▸ Exercise requirements:
A single figure is the whole answer: the number of lines in the records that contain "with".
************
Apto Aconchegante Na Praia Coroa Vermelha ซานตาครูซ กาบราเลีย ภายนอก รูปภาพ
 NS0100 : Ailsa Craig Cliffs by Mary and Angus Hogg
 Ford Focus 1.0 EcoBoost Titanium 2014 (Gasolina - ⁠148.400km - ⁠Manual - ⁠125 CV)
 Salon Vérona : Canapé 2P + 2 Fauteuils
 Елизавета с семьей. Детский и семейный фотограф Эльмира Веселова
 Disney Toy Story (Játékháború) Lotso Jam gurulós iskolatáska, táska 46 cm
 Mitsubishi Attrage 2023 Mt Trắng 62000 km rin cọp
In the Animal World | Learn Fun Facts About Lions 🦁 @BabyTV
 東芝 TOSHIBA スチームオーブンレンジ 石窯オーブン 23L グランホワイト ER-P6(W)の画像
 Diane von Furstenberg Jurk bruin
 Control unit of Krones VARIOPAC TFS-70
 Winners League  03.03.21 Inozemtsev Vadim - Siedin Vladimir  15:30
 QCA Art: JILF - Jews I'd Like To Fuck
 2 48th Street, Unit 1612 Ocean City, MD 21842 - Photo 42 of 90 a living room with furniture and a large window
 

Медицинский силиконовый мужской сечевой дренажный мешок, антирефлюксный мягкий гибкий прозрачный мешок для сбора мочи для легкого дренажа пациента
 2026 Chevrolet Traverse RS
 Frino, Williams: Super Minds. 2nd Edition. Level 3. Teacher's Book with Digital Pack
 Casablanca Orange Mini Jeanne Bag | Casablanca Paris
************
▸ Exercise solution:
2